They stopped eventually, not because it was evening but because Alan grew tired of driving and they had all been cooped up inside the vehicle for several days. Dwayne Hartman suggested a campfire outside to relieve them all of the restricted confines of the ALL-Rover.
“A campfire!” Elmer declared. “Splendid!”
They piled out of the vehicle and listened to Alan’s careful instructions about not straying away into the mist. Amelia fetched wood for a fire. She made quick work of the nearest tree, dissecting it into logs, kindling, and a variety of stumps for seating.
“Extraordinary,” commented Rebecca Carter, who stood with them all in a cluster just outside the exit ramp of the vehicle. She said it in her normal disinterested way, but Elmer thought she was really impressed. And why shouldn’t she be? Amelia was wonderful!
Dwayne Hartman started a fire with his lighter while he hummed old songs to himself and smoked a cigarette. Elmer watched until a small flicker of flame appeared. He gave Dwayne what he imagined to be a hearty, companionable clap on the back in congratulation. Dwayne grunted in response and carefully stacked kindling against the tiny flame.
Elmer then sought out his fellow traveling companions in search of good cheer, as he had often done since the commencement of their marvelous voyage.
He found Alan Sheppard behind the ALL-Rover, showing a handgun to Michael Whyte. Their conversation faltered when Elmer approached. “Please, don’t mind me!” said Elmer.

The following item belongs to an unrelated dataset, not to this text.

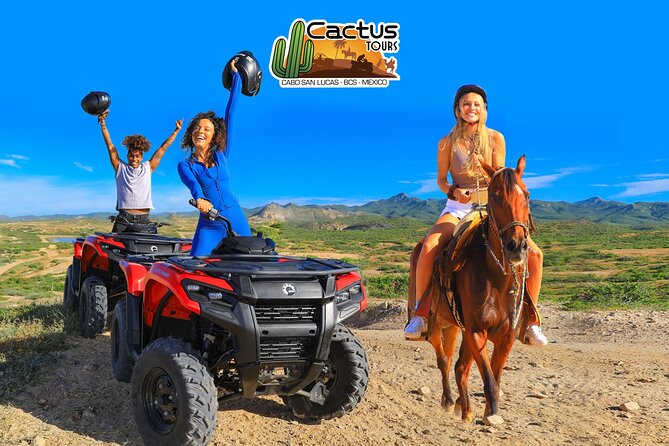 UTV, Free Horseback Ride, and Sky Bike Adventure Combo - Migriño Beach Adds Sand, Cliffs, and Sea Views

He positioned himself next to Michael, curious.
“…right,” said Alan, giving Elmer a strange look before proceeding to ignore him and speak to Michael. “Like I was saying. Revolver. Simple. Six shots.”
“Are you sure…” Michael trailed off. He shook his head, scratched at the scattered stubble growing on his chin. “No, I get it. Just in case.”
“We don’t know what’s going to happen,” said Alan. “None of us.” He cleared his throat, but his voice was just as rough when he continued. “You have things to protect. Might need to protect them.”
Michael took the firearm carefully, almost reverently.
“I don’t have much practice,” said Michael. “None, actually.”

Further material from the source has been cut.